A POÉTICA DA MEMORABILIA

Imagem: Palinchak/Freepik

A POÉTICA DA MEMORABILIA

Luís Turiba*

 

“O passado é a coisa mais imprevisível: não para de se transformar”.

 

A frase é do jornalista-pensador George Orwell, nascido na Índia, mas de cidadania inglesa, autor da distopia futurista no sempre polêmico romance “1984”, um inquestionável clássico moderno lançado em 1949, poucos meses antes da sua morte – mas um pouco depois do fim da Segunda Guerra Mundial.
A obra citada é considerada “magistral”, pois até os dias de hoje comparece como uma reflexão ficcional sobre a essência nefasta de qualquer forma de poder totalitário e opressor.
Nada mais atual do que esse mergulho na memória de um passado futurista, pois foi nesse climão antidemocrático que surgiu a eterna vigilância do Grande Irmão com seu infinito poder cínico, ditatorial e cruel, mas de um vazio sem nenhum sentido histórico.
Aliás, encontrei esta breve epígrafe no livro “Cabral, o desconhecido”, que ganhei do escritor português João Morgado, a quem fui apresentado pelo poeta-amigo piauiense Salgado Maranhão na Academia Brasileira de Letras (ABL), na fantástica noite de posse do pensador-filósofo-poeta Ailton Krenak.

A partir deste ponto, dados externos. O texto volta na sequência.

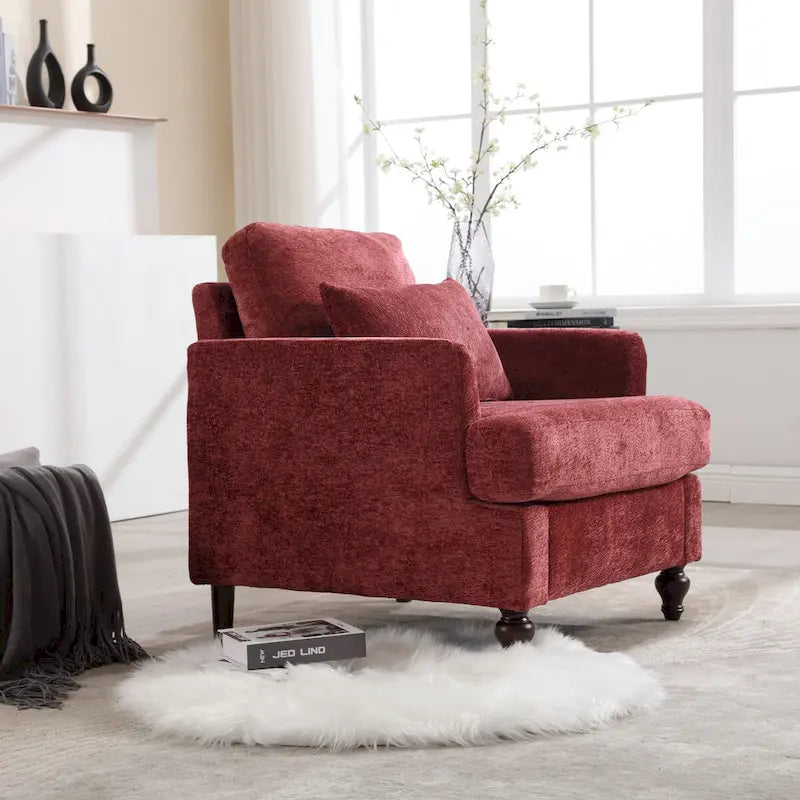 Fauteuil d'appoint en chenille avec cadre en bois et coussin lombaire – Noir, Gris ou Bordeaux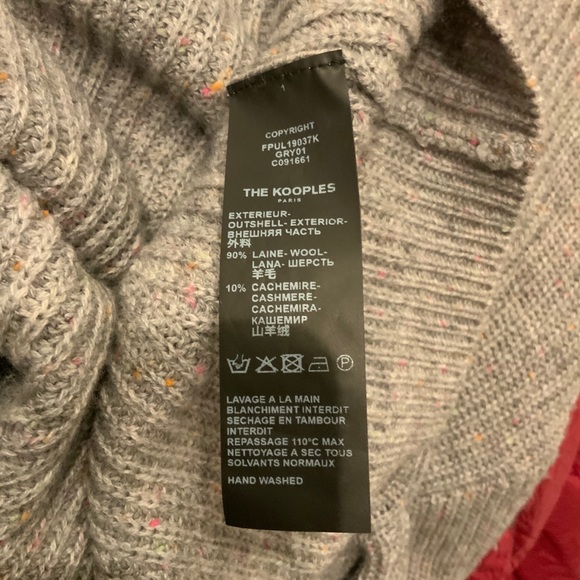 The Kooples Grey Oversized Pullover Sweater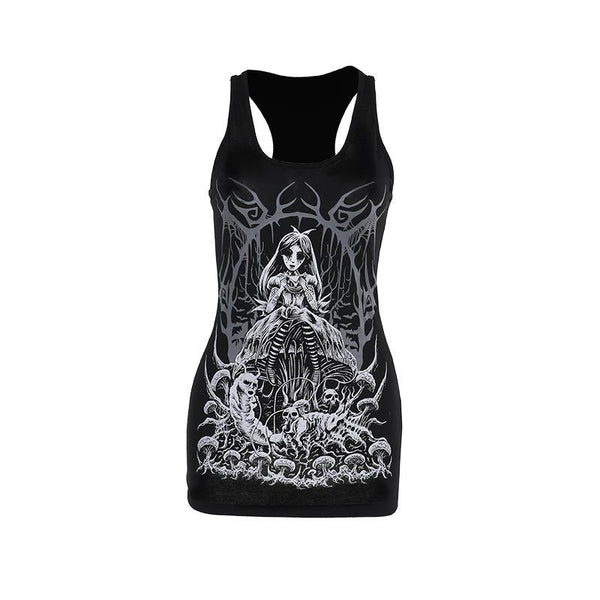 Mini-robe débardeur à motif tête de mort abstrait et col en U 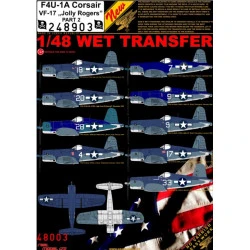 Hgw 248903 1/48 Decal For F4u-1a Corsair Vf-17 Jolly Rogers Part 2 Wet Transfer
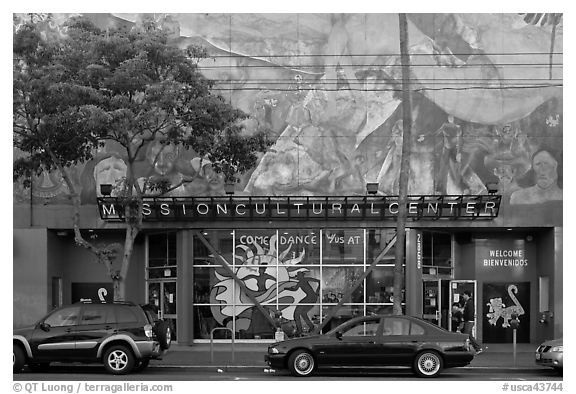 Mission cultural center, Mission District. San Francisco, California, USA (black and white)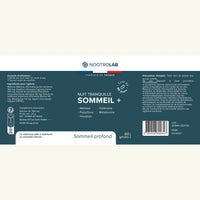 Étiquette complète du flacon Nuit Tranquille Sommeil+ avec composition, précautions et informations fabricant.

Neste circuito de “dizeres e saberes”, por intermédio de lembranças e recordações de passados que buscam outros “renasceres”, invoco aqui a presença do poeta baiano Ruy Espinheira Filho, cujo principal livro tem um título-síntese Para onde vamos é sempre ontem.
Como estamos tratando de vários “tempos”, todos “tempos” da memória, vale também trazer à baila ensinamento do astro pop-roqueiro inglês David Bowie, para quem “envelhecer é um processo extraordinário em que você se torna a pessoa que você sempre deveria ter sido”. É aquele momento da vida quando você é tomado pela “cristalina consciência” de ser um ser cósmico.
A memória em si tem suas dialéticas aplicadas em todas as obras e citações presentes neste “nariz de cera”.
Memória tem um pé na ciência. A neurociência estuda suas conexões sinápticas. Mas esse é outro papo. O certo é que a memória é singular, sensitiva, quase espiritualista. Se fosse, digamos, um orixá que baixasse vez por outra em nossas rodas, festivais e programas literários, poderíamos até chamá-la na intimidade brasileira de “Caixinha de Surpresa”.
Afinal, neurologistas de plantão afirmam que, para se entender como a memória é “guardada” dentro do cérebro, um dos mais complexos órgãos do corpo humano, é necessário pensá-la como uma rede. Os locais exatos de armazenamento ainda são um mistério para os pesquisadores, mas alguns mecanismos principais já são conhecidos da ciência.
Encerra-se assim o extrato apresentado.